The five main parties all insisted yesterday that the salary increase was not their decision, but People Before Profit's Gerry Carroll accused them of "washing their hands" of the situation and challenged them to vehemently oppose the hike.
He said it was "a slap in the face" for nurses who had to strike for pay parity.
MLAs' pay rose from £49,500 to £50,500 and the Belfast Telegraph has been told they are set for another £500 rise in April.
The salary hike came into effect when power-sharing was restored. It had been put on hold when devolution was suspended. Responding to massive public anger, former Secretary of State Karen Bradley cut MLAs' pay in September 2018.
Mr Allister said: "I completely understand why there is such public anger. The timing of this pay rise is inappropriate.
"MLAs haven't been functioning in all regards for three years. Yet 10 days after they return to work, they secure a salary increase. While it is not of their making, it is immensely embarrassing.
"The standing of MLAs with the public is very low. Looking at the quality of some MLAs, people may wonder who in their right mind would pay them a salary of over £50,000 a year?"
The TUV leader said that MLAs who disagreed with the pay increase could not refuse it.
"It is my understanding you cannot refuse your salary or say 'only pay me so much' and ask for the rest to be given to charity, for example," he said. "But you could write a cheque to the Treasury and that money would go back into the national coffers."

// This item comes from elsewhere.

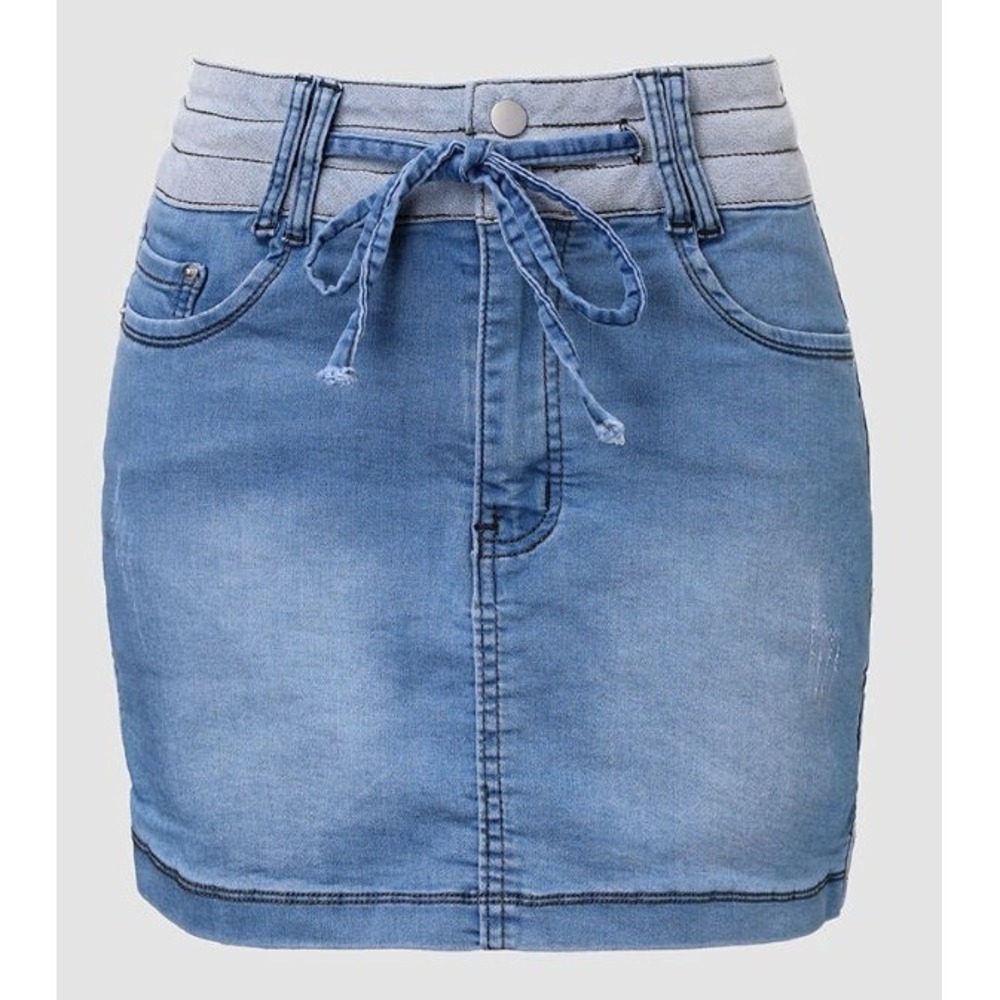 Chicme Contrast Binding Ripped Drawstring Denim Skort - Blue - Large (8/10)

Mr Allister said civil servants' pay had fallen behind in recent years and he would be asking Sinn Fein Finance Minister Conor Murphy to address that.
People Before Profit MLA Gerry Carroll said: "The fact that MLAs are back in post just over a week and are having their wages topped up will no doubt come as a slap in the face to nurses who stood on freezing pickets for months for pay parity, and the civil service staff who are still taking industrial action to get what they deserve.
"Some MLAs are washing their hands of the decision by saying pay is set by an independent body. I don't think that's good enough. They need to come out and say this pay rise is wrong, unfair, and shouldn't be imposed. People on the streets and on social media are absolutely furious."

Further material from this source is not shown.